Ora, quando eu tinha 12 anos e estudava no Ensino Básico Integrado, na pacata localidade de Achada Baleia, interior do Município de São Domingos, tive a oportunidade de ler a história de Anne Frank. Ainda me lembro como se do dia de hoje fosse, os meus olhos cheios de lagrimas quando, ao longo da leitura, soube que ela falecera com apenas 15 anos de idade, vítima da barbárie dos nazis.

Diante disso, jurei solenemente por mim mesmo que lutarei para ser advogado e, enquanto tal, lutar contra violação dos Direitos Humanos e contra arbitrariedades no meu país.

Ao longo desse pedregoso caminho, apesar dos imensuráveis obstáculos, formei-me em Direito e fui admitido como Advogado na Ordem dos Advogados de Cabo Verde; ao longo desses poucos anos do exercício da minha nobre e imprescindível profissão, várias são as denúncias que já apresentei perante autoridades competentes contra situações de grave violação dos direitos humanos.

Compromisso com a defesa dos direitos humanos

Quando peguei nas minhas mãos a minha cédula profissional, em 19 de maio de 2022, elegi a defesa dos direitos humanos como um compromisso para com a minha sociedade, um dever profissional e para com a minha comunidade, como resulta expressamente do artº 130º, b), do Estatuto da Ordem dos Advogados de Cabo Verde, que reza “constituem deveres do advogado para com a comunidade: “defender os direitos, liberdades e garantias e promover a realização dos direitos humanos de caráter civil, político, económico, social e cultural, designadamente denunciando e combatendo, pelos meios e vias competentes, todas as violações desses direitos e, em particular, as arbitrariedades e ilegalidades que de tiver conhecimento no exercício da profissão”;

Assim sendo, sempre que deparo com casos concretos de violação dos direitos humanos em Cabo Verde, não hesitarei em agir conforme o meu dever profissional e a minha consciência cívica.

Essa luta que abracei, que antes de tudo, mais não é do que cumprir um dever cívico, ético e profissional, não é fácil e confesso que, muitas vezes, tenho me sentido impotente. Principalmente quando convivo todos os dias com sentimento de impunidade, ou quando oiço a famosa frase ‘pode queixa, ki ka ta da em nada’.

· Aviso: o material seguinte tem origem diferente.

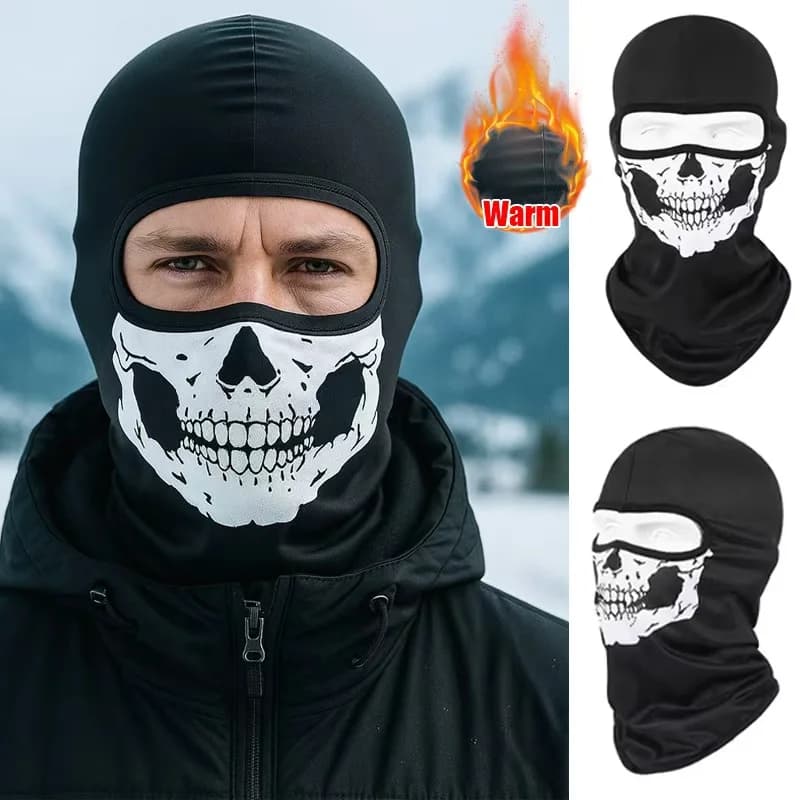 Round-necked ski mask with skull print - Windproof motorcycle mask, helmet liner for ski head for men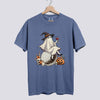 Retro Ghost Golf Witch Comfort Colors Tee - Blue Jean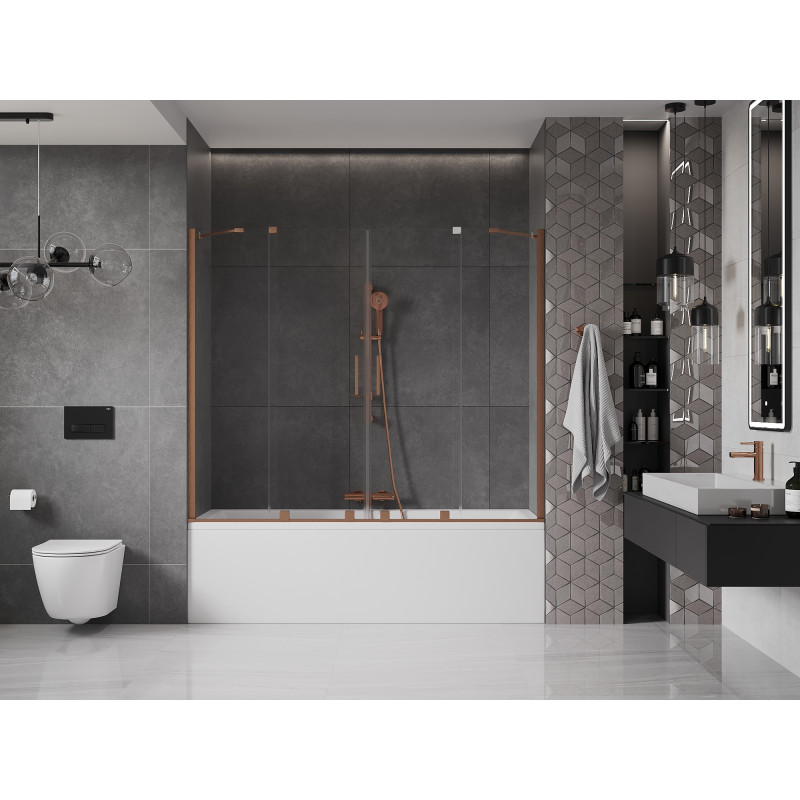 Mexen Velar Duo paroi de baignoire 2 panneaux coulissants 200 x 150 cm, transparent, cuivre brossé - 896-200-000-02-65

Detenções arbitrárias e outras práticas inadimissíveis

Entre as situações de violação dos direitos humanos que tenho denunciado frequentemente, destacam-se as detenções arbitrárias e as torturas praticadas por agentes do Estado. 

Essas práticas são inadmissíveis em um Estado de Direito Democrático, que se rege pelo respeito à dignidade da pessoa humana e pelo princípio da legalidade. Essas práticas violam os direitos fundamentais à liberdade, à integridade física e moral e à presunção de inocência, consagrados na Constituição da República de Cabo Verde e em tratados internacionais de direitos humanos. Essas práticas também comprometem a credibilidade das instituições públicas e a confiança dos cidadãos na justiça.

Apesar das minhas denúncias e das provas que apresentei, ainda não vi nenhuma medida efetiva para punir os responsáveis por esses atos de violência e para reparar os danos causados às vítimas.

Ainda não vi nenhuma iniciativa para prevenir que esses atos se repitam ou para capacitar os agentes do Estado para o respeito aos direitos humanos.

Apenas ouvi o silêncio, a indiferença e a resignação. Mas eu não vou desistir da minha luta. Eu não vou desistir de ser advogado. Eu não vou desistir de defender os direitos humanos em Cabo Verde. Porque essa é a minha missão, a minha vocação e a minha razão de ser. Porque essa é a honra e o timbre do meu exercício de advocacia. Porque essa é a lição que aprendi com Anne Frank, que mesmo sofrendo as maiores atrocidades, nunca perdeu a esperança na humanidade.

Eu acredito na vitalidade do nosso sistema jurídico. Eu acredito que os atos de violação dos direitos humanos serão dados o devido tratamento pelas autoridades competentes. Eu acredito que a justiça será feita e que os direitos humanos serão respeitados em Cabo Verde. Eu acredito que o meu trabalho como advogado contribui para essa mudança. E eu convido todos os que partilham dessa crença a se juntarem a mim nessa luta.

Comparando com vários outros países do mundo, pode-se vangloriar que Cabo Verde, estatisticamente, em termos de Direitos Humanos, não está mal cotado. No entanto, a realidade e a perceção que tenho pela minha pouca experiência profissional são diferentes: os dados estatísticos não condizem com a realidade.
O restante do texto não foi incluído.